CS262.Lect07.FaceDetection2

Session 7: Face Detection (cont.)
John Magee
8 February 2017
Slides courtesy of Diane H. Theriault
Question of the Day:
• How can we find faces in images?
Face Detection
• Compute features in the image
• Apply a classifier
• Viola & Jones. “Rapid Object Detection using a
Boosted Cascade of Simple Features”
What do Faces “Look Like”?
• Chosen features are responses of the image to
box filters at specific locations in the image
Using Features for Classification
• Gateway between the signal processing world and
the machine learning world
• For any candidate image, we will compute the response of the
image to some different filters at some different locations
• These will be our input to our machine learning algorithm
Using Features for Classification
• In Machine Learning, a classifier is a thing that can make a
decision about whether a piece of data belongs to a particular
class (e.g. “is this image a face or not”)
• There are different types of classifiers, and one way to find
their parameters by looking at some training data (i.e.
“supervised learning”)
• A “weak learner” is a classifier for which you can find the best
parameters you can, but it still does a mediocre job
Using Features for Classification
• “Weak Learner” Example: Apply a threshold to a feature
(the response of the image to a filter)
• How to find a threshold?
Using Features for Classification
• How to find a threshold?
• Start with labeled training data
– 9,832 face images (positive examples)
– 10,000 non-face images (sub-windows cut from other
pictures containing no faces) (negative examples)
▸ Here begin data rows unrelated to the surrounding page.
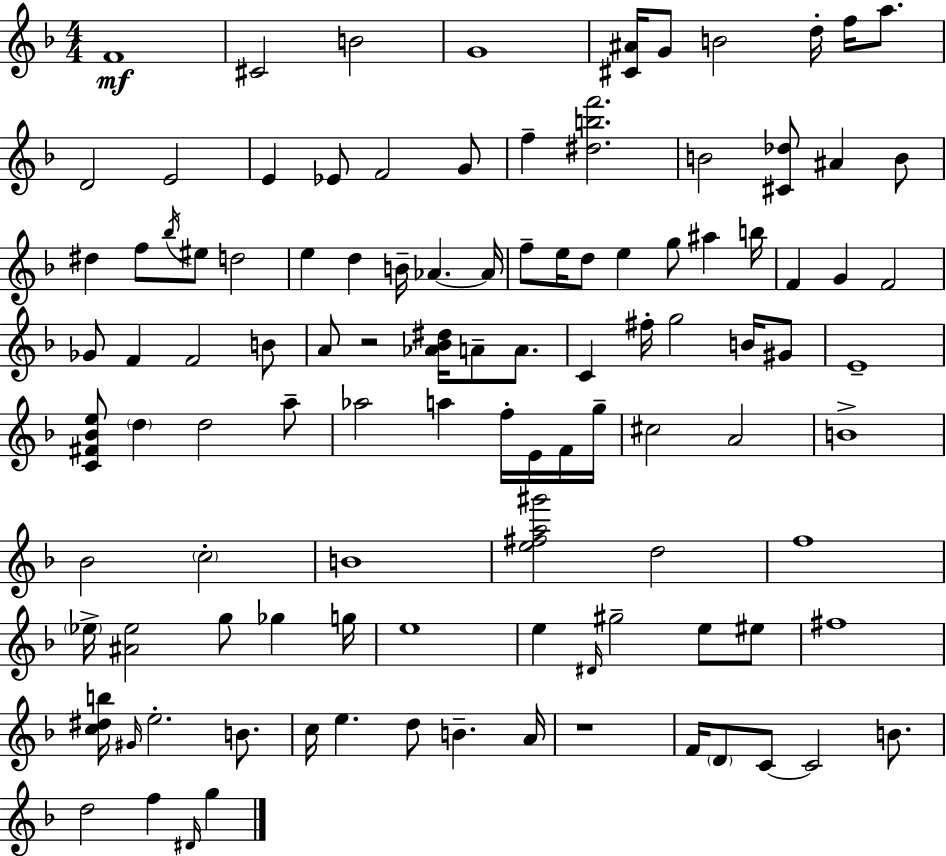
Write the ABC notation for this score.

X:1
T:Untitled
M:4/4
L:1/4
K:Dm
F4 ^C2 B2 G4 [^C^A]/4 G/2 B2 d/4 f/4 a/2 D2 E2 E _E/2 F2 G/2 f [^dbf']2 B2 [^C_d]/2 ^A B/2 ^d f/2 _b/4 ^e/2 d2 e d B/4 _A _A/4 f/2 e/4 d/2 e g/2 ^a b/4 F G F2 _G/2 F F2 B/2 A/2 z2 [_A_B^d]/4 A/2 A/2 C ^f/4 g2 B/4 ^G/2 E4 [C^F_Be]/2 d d2 a/2 _a2 a f/4 E/4 F/4 g/4 ^c2 A2 B4 _B2 c2 B4 [e^fa^g']2 d2 f4 _e/4 [^A_e]2 g/2 _g g/4 e4 e ^D/4 ^g2 e/2 ^e/2 ^f4 [c^db]/4 ^G/4 e2 B/2 c/4 e d/2 B A/4 z4 F/4 D/2 C/2 C2 B/2 d2 f ^D/4 g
• Compute some measure of how good a particular
threshold his (e.g. “accuracy”), then find the
threshold that gives the best result
Using Features for Classification
• For a particular threshold on a particular feature, compute:
• For each feature,
choose a threshold that
maximizes the accuracy
Classifier Result
– Accuracy: % correctly classified
– Classification Error: 1 - Accuracy
positive
negative
positive
True positives (faces that are identified as faces)
True negatives (non-face patches that are identified as non-faces)
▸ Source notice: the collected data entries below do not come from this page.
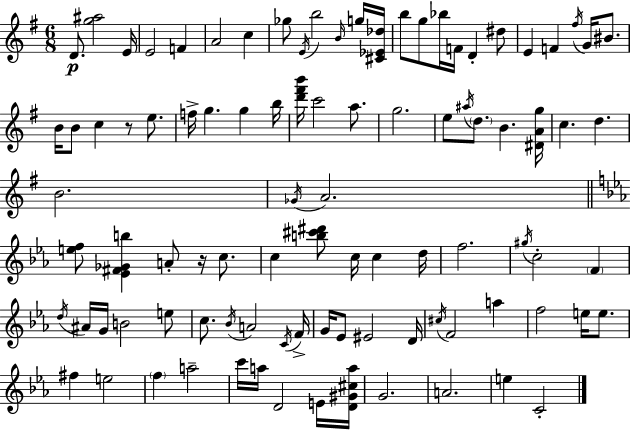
X:1
T:Untitled
M:6/8
L:1/4
K:Em
D/2 [g^a]2 E/4 E2 F A2 c _g/2 E/4 b2 B/4 g/4 [^C_E_d]/4 b/2 g/2 _b/4 F/4 D ^d/2 E F ^f/4 G/4 ^B/2 B/4 B/2 c z/2 e/2 f/4 g g b/4 [d'^f'b']/4 c'2 a/2 g2 e/2 ^a/4 d/2 B [^DAg]/4 c d B2 _G/4 A2 [ef]/2 [_E^F_Gb] A/2 z/4 c/2 c [b^c'^d']/2 c/4 c d/4 f2 ^g/4 c2 F d/4 ^A/4 G/4 B2 e/2 c/2 _B/4 A2 C/4 F/4 G/4 _E/2 ^E2 D/4 ^c/4 F2 a f2 e/4 e/2 ^f e2 f a2 c'/4 a/4 D2 E/4 [D^G^ca]/4 G2 A2 e C2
False positives (non-faces identified as faces)
Known
False negatives (faces identified as non-faces)
Classification
True
Positive
False
Positive
negative
–
–
–
–
False
True
Negative Negative
“Confusion Matrix”
Using Features for Classification
• How do you know which feature to use?
– Try them all and pick the one that gives the best result
– Then, choose the next one that does the next best job,
emphasizing the misclassified images
• Each threshold on a single feature gives mediocre results, but
if you combine them in a clever way, you can get good results
– (That’s the extremely short version of “boosting”)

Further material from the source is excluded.